Dethroning the Almighty Dollar?

This is the text of a talk by AIER Research Faculty Peter C. Earle at the June 7, 2023 Meeting of Alder Unplugged.

Good afternoon and thank you for having me. I’ve planned for these remarks to take no more than ten minutes, but economists are about as good at forecasting as politicians are at budgeting. So, it may run a slight bit longer – apologies in advance if it does.

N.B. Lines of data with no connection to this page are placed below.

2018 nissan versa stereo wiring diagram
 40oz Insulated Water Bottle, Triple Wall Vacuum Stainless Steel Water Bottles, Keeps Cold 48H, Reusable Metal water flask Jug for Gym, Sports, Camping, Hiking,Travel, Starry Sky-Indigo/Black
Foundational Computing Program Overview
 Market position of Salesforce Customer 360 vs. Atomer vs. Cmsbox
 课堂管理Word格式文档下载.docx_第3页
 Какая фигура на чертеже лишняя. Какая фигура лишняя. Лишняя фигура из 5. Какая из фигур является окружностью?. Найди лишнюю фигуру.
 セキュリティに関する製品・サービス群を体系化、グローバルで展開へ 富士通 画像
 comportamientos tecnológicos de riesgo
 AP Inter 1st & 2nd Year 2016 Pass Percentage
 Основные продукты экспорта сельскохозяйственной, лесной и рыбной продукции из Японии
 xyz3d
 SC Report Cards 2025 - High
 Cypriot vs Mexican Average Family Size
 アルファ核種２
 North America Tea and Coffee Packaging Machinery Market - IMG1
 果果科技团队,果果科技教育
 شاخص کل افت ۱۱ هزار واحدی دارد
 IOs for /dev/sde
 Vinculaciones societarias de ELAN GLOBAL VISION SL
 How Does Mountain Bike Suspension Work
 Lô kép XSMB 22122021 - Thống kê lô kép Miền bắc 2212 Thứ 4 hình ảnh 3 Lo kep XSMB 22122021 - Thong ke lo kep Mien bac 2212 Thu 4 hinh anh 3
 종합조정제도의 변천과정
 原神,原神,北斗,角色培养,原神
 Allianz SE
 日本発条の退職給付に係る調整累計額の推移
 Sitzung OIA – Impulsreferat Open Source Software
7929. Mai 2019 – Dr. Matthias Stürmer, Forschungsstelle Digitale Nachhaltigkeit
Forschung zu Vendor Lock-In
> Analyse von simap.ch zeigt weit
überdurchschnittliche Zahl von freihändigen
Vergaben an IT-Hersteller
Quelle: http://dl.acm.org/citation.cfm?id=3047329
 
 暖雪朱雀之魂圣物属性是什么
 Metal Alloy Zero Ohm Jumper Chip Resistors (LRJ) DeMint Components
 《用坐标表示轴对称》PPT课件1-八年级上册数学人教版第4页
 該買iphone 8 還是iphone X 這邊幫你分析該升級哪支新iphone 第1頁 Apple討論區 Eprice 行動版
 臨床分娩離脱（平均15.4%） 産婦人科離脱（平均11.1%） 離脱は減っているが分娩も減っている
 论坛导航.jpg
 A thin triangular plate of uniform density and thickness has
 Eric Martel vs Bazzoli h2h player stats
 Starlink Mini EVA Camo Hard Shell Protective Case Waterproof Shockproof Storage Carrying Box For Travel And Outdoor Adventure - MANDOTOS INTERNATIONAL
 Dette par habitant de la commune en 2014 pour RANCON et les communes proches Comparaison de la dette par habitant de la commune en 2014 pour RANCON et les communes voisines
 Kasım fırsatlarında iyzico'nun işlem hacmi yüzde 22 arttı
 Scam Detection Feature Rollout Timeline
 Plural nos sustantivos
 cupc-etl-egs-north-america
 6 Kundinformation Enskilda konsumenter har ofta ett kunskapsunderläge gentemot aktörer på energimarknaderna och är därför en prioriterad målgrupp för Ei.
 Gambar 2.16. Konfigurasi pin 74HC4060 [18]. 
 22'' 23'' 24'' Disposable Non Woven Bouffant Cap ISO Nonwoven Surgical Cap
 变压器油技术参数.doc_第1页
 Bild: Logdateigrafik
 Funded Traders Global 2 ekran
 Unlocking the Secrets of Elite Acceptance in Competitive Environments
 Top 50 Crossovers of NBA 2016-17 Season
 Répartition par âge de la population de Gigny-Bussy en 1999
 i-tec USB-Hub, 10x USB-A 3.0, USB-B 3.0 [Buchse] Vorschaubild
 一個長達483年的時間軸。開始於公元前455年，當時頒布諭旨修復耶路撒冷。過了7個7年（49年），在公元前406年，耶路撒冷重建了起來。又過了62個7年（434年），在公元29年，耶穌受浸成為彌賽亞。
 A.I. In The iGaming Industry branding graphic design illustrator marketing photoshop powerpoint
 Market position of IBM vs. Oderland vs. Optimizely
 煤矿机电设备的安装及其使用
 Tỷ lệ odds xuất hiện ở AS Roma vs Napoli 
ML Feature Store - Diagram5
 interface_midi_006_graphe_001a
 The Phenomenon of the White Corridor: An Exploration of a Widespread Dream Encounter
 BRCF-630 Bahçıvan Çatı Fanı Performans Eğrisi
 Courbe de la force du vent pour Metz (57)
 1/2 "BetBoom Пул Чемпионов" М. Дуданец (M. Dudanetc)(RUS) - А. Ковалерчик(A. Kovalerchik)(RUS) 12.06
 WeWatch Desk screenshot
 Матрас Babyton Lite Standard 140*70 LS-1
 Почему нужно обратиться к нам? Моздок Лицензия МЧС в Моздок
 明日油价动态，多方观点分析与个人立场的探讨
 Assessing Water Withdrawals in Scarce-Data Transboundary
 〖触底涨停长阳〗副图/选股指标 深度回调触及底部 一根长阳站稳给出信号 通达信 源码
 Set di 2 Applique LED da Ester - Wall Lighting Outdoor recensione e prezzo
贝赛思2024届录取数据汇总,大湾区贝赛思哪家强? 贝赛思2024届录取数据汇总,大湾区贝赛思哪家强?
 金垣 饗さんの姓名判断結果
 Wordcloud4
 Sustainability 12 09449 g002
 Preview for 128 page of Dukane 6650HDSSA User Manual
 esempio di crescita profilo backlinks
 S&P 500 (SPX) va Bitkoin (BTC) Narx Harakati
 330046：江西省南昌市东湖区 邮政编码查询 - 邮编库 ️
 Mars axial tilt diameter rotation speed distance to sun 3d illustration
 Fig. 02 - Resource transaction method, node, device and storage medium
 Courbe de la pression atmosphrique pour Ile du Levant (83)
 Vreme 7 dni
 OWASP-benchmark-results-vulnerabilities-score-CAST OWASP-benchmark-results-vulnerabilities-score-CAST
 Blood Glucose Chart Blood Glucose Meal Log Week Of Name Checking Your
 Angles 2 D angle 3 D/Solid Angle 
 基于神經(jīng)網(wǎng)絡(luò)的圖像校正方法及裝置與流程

About two months ago, on April 4th, I wrote an article entitled “De-dollarization has Begun” which was published on the AIER, that’s the American institute for Economic Research, website. In it I discussed a few recent developments which show an acceleration of projects around the world seeking to reduce dependence upon the US dollar. In what was a complete surprise to me, that article wound up becoming the second most read in AIER’s digital history. (We are celebrating our 90th anniversary this year, but our internet history is decidedly shorter than that.) With that unexpected level of interest came a large number of inquiries, which resulted in my writing and publishing a follow-up article one week later. In “De-dollarization has Begun: Redux,” I addressed the most frequently asked questions and made my personal view on those recent developments and their significance clear. I hope.

In the first article, I commented on the recent trade deal between China and Brazil. Owing to that agreement, their sizable trading relationship will now be denominated and settled in the renminbi and real instead of, as it customarily has been, the US dollar. India and Malaysia recently began a pilot project to settle trades in rupees, instead of the dollar, and France has reported successfully executing a natural gas trade with China settled in renminbi. These are but a handful of developments which led me to surmise that long-discussed plans to create alternatives to the current global reserve currency, our US dollar, are picking up momentum. 

Why would nations voluntarily seek to avoid, or at least explore workarounds, for the most liquid currency with the broadest and deepest sovereign debt complex in the world? My thesis focuses on two prevailing reasons, although there are certainly other explanations. 

First, the recent experience of Russia. Shortly after its invasion of Ukraine Russia had most of its links to the dollar-based trading network SWIFT severed, as well as seeing some $300 billion in US dollar reserves frozen. Those sanctions–unwittingly, I believe–provided a cautionary tale even to current and long-time allies of the United States. The risk that getting on the wrong side of a US policy position could result in a nation’s being effectively shut out of global commerce. This may not have occurred to many nations previously. Clearly many are aware of it now. 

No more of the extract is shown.